1. ## Using only a point and slope

Given that I know the value of a single point (x1,y1) on a line and its splope m, what formula(s) can I use to determine the two other points that are exactly d units from the known points.
This is for use in a server side web application, written in php.
At 60 yrs old, I have forgotten all that I thought I knew about doing this
That includes trying to solve for two variables in a set of equations, which I suspect this will need

TIA,

2. point slope formula:
$\displaystyle (y-y_1) = m(x-x_1)$

you can derive this from definition of a slope by dividing both sides by $\displaystyle (x-x_1)$

if you know distance d, then use the distance formula: $\displaystyle d = \sqrt{(x_1 -x_2)^2 + (y_1 - y_2)^2}$
substitute your known points for $\displaystyle (x_1, y_1)$
then solve the equation for $\displaystyle (x_2,y_2)$

It is easier if you know trig. $\displaystyle d_x = d * \cos \theta \mbox{ where } d_x \mbox{ is the x component of the distance}$

$\displaystyle \theta = \tan^{-1}(\mbox{slope})$

solve for $\displaystyle d_x$

$\displaystyle x_2 = x_1 + d_x$
or
$\displaystyle x_2 = x_1 - d_x$

3. I will have to 'absorb' what you posted a bit!

Like I said, solving equations with two variables (x2 and y2) is not my strong point, and more importantly, I will have to do this programatically, not on paper.

Let me ponder

4. Using the trig approach seems a bit easier but .....

Dx = (cos(arctan(slope))/d

so x2 = x1 + Dx

then do I just stick in x2 into (y2-y1)=slope(x2-x1) and solve for y2 ?

Is it just that easy!!!

5. Relative to my previous message, what is the trig for solving for dy first?

6. ## Problem reworded.

Still having some difficulty, so perhaps a better explanation of what I am doing is in order.

I am plotting co-ordinates for an airfoil cross section (to make ribs) from a database of many airfoils. These points are 'scaled' to be exactly 1 unit from Leading Edge to Trailing Edge, and I am plotting them by drawing into a blank .png file (jpg or tiff would also work). In order to get them sized to a usable size, I am scaling them up by multiplying by the desired number of inches for the chord (LE to TE) and by the number of pixels per inch on output. As a result, the graph is made up of many short straight lines. This is all working fine for me so far.

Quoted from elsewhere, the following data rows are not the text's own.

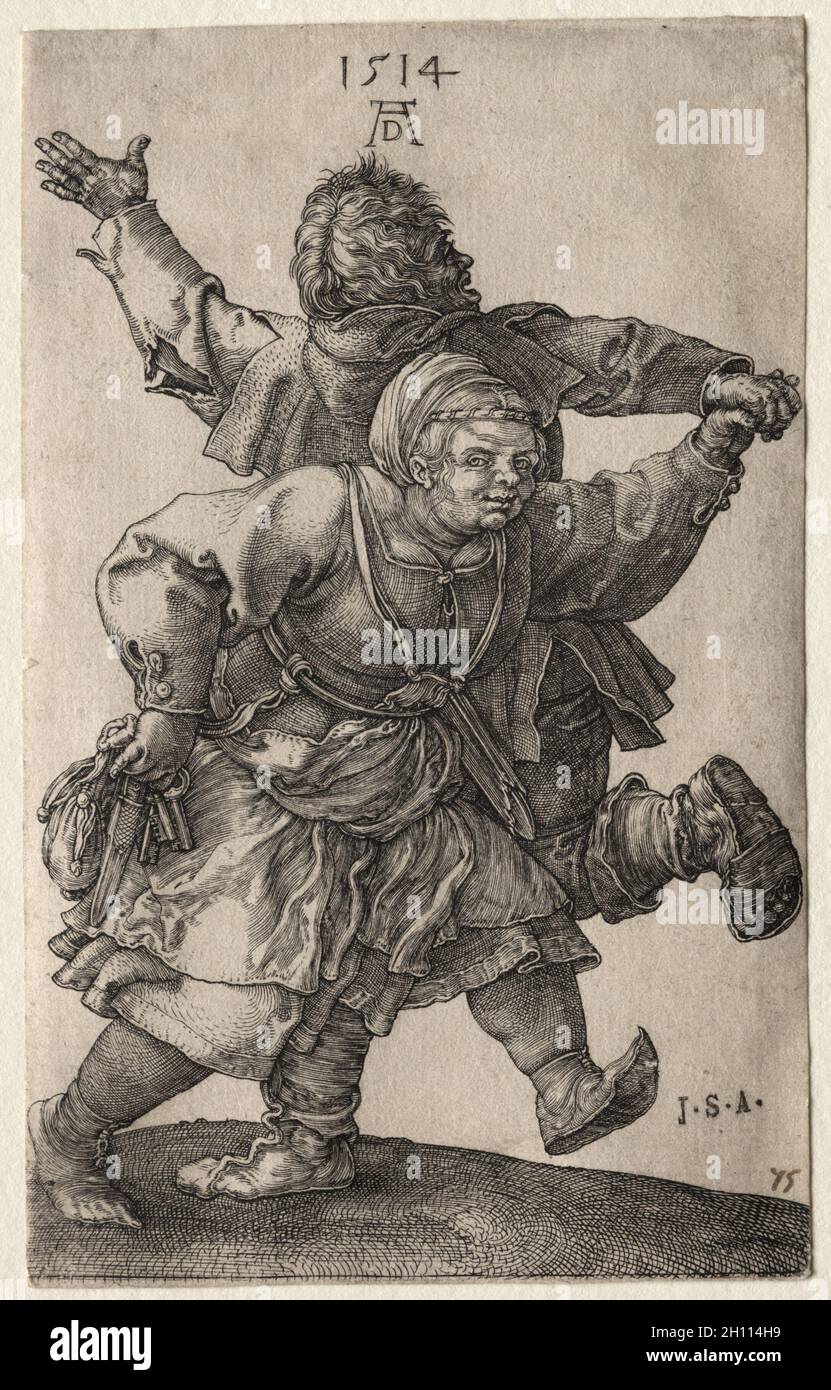 Coppia contadina Dancing, 1514. Albrecht Dürer (tedesco, 1471-1528). Incisione; foglio: 11.8 x 7.3 cm (4 5/8 x 2 7/8 poll.). Foto Stock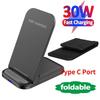30W Wireless Charger Stand Foldable Qi Fast Charging Dock Station Phone Holder for iPhone 13 12 11 Pro Max XR Samsung S20 Phone Charger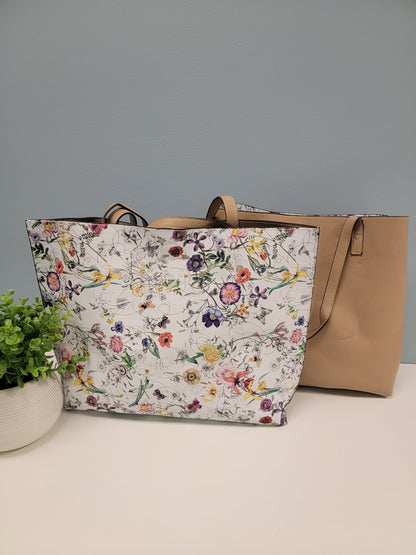 Reversable Temple Tote - White/Tan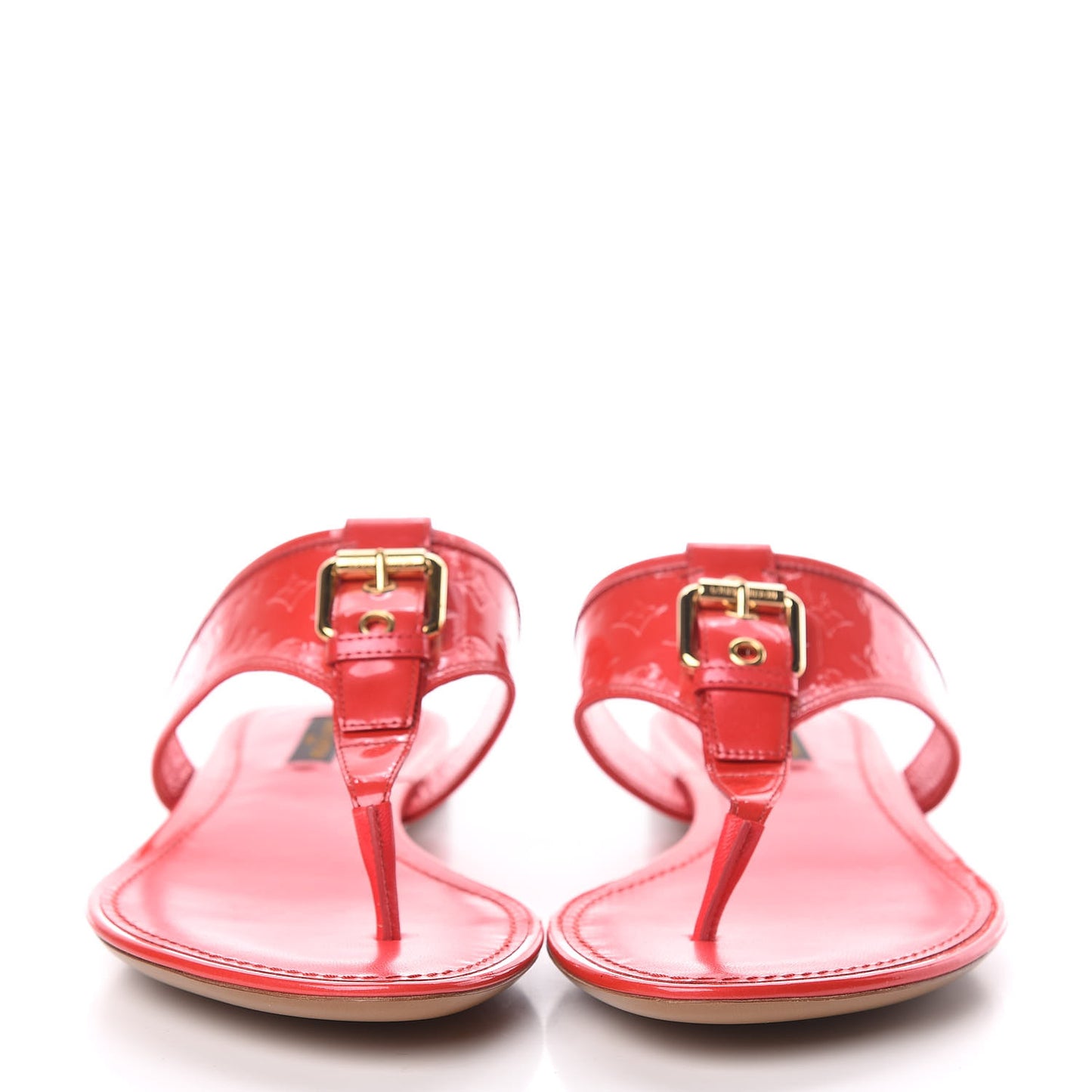 Vernis Pantheon Flat Thong Sandals 37 Grenadine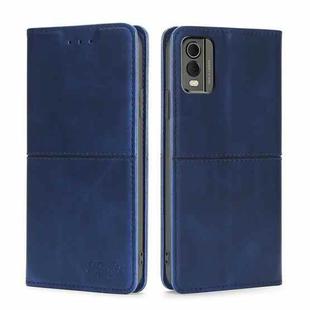 For Nokia C32 Cow Texture Magnetic Leather Phone Case(Blue)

But many of these wings are covered (or partly covered) by a 1/16 inch or 3/32 inch sheeting, which requires that the rib is plotted that much smaller and inside the original.

My intent was to match each line segment with a parallel one that is exactly 1/16 or 3/32 inch 'inside' the original. So, that is why I started with the slope of the original line, slope of a perpendicular line, and one of the original end (or start) points. From there I should be able to calculated the inside point along the perpendicular slope at the desired distance (1/16 or 3/32 inch).

If all of this still makes sense to anyone , could you help me. My first attempts at doing this were good for the line segments that had a reasonable vertical dy value, but would colapse elswhere.